• **Stored dataset items**:
========

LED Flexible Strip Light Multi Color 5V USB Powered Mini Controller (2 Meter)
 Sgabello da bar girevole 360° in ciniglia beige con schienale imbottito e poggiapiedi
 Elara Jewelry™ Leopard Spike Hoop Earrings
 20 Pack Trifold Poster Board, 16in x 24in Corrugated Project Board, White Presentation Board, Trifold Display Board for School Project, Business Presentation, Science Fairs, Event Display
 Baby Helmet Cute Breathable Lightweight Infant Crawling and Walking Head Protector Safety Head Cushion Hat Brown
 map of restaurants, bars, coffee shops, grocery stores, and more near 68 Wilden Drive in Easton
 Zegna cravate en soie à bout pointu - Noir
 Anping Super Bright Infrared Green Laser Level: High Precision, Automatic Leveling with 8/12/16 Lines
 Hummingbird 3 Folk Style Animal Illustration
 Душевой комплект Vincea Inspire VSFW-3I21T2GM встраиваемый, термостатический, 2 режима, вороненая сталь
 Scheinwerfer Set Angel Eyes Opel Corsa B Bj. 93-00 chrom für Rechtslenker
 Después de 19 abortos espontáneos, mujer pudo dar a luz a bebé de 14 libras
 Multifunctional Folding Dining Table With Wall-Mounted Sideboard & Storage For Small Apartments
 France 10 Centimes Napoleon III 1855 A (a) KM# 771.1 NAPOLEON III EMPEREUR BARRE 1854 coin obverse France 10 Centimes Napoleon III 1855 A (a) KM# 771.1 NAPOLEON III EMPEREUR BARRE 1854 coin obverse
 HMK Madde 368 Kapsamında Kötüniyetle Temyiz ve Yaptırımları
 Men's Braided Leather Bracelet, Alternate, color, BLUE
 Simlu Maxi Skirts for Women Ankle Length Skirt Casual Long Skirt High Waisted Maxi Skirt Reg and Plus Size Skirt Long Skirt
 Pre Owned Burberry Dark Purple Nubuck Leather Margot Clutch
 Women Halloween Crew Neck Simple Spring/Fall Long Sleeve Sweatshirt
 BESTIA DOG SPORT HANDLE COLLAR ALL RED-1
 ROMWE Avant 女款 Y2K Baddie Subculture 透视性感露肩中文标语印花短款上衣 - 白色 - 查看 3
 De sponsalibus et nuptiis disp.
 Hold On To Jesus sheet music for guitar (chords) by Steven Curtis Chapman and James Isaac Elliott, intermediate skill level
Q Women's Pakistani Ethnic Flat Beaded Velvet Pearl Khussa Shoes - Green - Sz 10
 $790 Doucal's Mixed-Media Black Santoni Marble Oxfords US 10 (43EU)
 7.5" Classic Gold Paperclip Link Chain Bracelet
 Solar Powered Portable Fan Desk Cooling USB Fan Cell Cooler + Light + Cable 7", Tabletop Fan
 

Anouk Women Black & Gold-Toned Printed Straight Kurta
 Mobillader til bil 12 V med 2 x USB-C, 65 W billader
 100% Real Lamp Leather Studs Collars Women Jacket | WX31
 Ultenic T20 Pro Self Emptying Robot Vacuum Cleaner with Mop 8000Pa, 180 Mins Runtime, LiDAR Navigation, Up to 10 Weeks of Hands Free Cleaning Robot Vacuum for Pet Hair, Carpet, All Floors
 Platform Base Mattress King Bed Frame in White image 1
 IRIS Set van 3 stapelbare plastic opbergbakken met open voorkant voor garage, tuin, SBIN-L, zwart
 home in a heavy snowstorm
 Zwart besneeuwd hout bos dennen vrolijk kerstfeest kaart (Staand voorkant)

========

Give back, verbatim, the lines from the top of the entries above through the line containing "20 Pack Trifold".

LED Flexible Strip Light Multi Color 5V USB Powered Mini Controller (2 Meter)
 Sgabello da bar girevole 360° in ciniglia beige con schienale imbottito e poggiapiedi
 Elara Jewelry™ Leopard Spike Hoop Earrings
 20 Pack Trifold Poster Board, 16in x 24in Corrugated Project Board, White Presentation Board, Trifold Display Board for School Project, Business Presentation, Science Fairs, Event Display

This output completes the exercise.